Zero. I don't give up, I take my time and figure it out myself. Those cars were designed to make the dealer money from people so wealthy that they throw money at any problem.
Hope this helps someone else in the future, don't try to start one of these cars when you think the battery may be low! It will think you are trying to steal it and lock you out.
Thank you! It was so satisfying just now to go out and have it start right up!
Still looks unreal, out of the garage and back in the sunshine.
Would love to put classic car plates on it, but in Michigan it has to be 25 years old.
For now I have to keep paying the full registration price that is taxed based on its as new selling price.
BMWs may depreciate fast, but the State of Michigan will tax you every year at the factory window sticker price.
It is part of the reason you do not see many older exotics here, the fixer uppers, that an enthusiast can make run from an insurance totaled car.
The cost to register them is ruinously expensive and never goes down, only up and up.
Mileage discrepancy issue solved, it was ISTA
Got a note from the ISTA expert about my issue where the program was reporting almost double the mileage from the what I see on the instrument cluster.
It being a German program it always reads out in kilometers. Did the calculations on Google and when I entered in the ISTA number and pressed convert the number was exactly what I see inside the car!

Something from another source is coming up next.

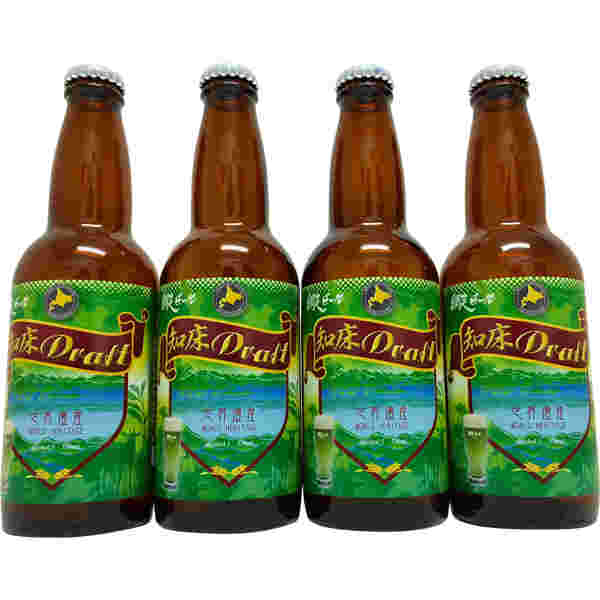 4本のビール瓶が綺麗に並べられている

Thankfully I don't have to worry anymore that someone rolled it back. Guys in other forums advised me to also look for a dot next to the mileage next time, that will indicated that the cluster has been manipulated from its true reading.
The only way to convert a car with a tampering dot is to buy a new cluster that is virgin and install it, where the DME can then initialize it with the correct mileage. It cannot be done with a tampered with cluster or one from another car.
Thought this might help anyone else when using ISTA and getting what they think is the wrong mileage readout.